Proving kerT is a subspace of V. and rangeT is a subspace of W.
My question is as follows: Suppose $V$ and $W$ are vector spaces, and let $T: V \longrightarrow W$ be a linear transformation.
Show that $\ker T$ is a subspace of $V$.
Show that $\operatorname{range} T$ is a subspace of $W$.
Most of my problem here is I don't think I fully understand the concept of the kernel and the range.
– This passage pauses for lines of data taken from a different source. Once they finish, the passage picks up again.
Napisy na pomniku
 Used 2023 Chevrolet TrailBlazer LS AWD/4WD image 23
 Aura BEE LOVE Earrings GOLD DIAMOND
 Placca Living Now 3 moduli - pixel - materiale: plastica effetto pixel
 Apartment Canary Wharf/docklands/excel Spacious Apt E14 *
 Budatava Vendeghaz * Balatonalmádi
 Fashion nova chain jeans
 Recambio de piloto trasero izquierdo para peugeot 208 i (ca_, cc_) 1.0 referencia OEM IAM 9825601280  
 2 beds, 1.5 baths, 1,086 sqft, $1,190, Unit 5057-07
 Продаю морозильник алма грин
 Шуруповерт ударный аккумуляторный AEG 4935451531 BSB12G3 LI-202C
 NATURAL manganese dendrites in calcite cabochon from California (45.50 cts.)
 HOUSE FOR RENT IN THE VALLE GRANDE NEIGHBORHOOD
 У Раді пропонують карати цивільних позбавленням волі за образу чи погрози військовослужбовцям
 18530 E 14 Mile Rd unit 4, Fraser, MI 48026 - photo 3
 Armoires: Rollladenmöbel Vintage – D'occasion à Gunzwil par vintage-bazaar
I know that the kernel relates to a null space, and the range to the column space... I also know that I have to show that each (the kernel and the range) must contain the zero vector, preserve vector addition and scalar multiplication.
The kernel is then all the solutions to $Ax= \vec 0$, so the zero vector must be there?
I don't know how to proceed from there and we have hardly worked with the kernel and the range in class, so I really don't know where to go with this problem.
To show that $\ker T$ is a subspace of $V$, we need to show that it has the following properties:
- Has $0$
- Is additively closed
- Is scalar multiplicatively closed
Clearly $T(0)=0$. So we need only show additive and scalar multiplicative closure.
Additive closure: We want to show that if $a,b\in \ker(T)$ then $a+b\in\ker(T)$. E.g. $T(a)=0,T(b)=0\implies T(a+b)=0$. This follows from the property of additivity, $T(a+b)=T(a)+T(b)=0+0=0$, and hence $a+b\in\ker T$.
Scalar multiplicative closure: We want to show that if $a\in\ker(T)$ then $ka\in\ker(T)$ where $k\in\Bbb F$. So $T(a)=0$ and by the property of homogeneity(of degree $1$) we have that $0=k0=kT(a)=T(ka)$ and hence $ka\in\ker(T)$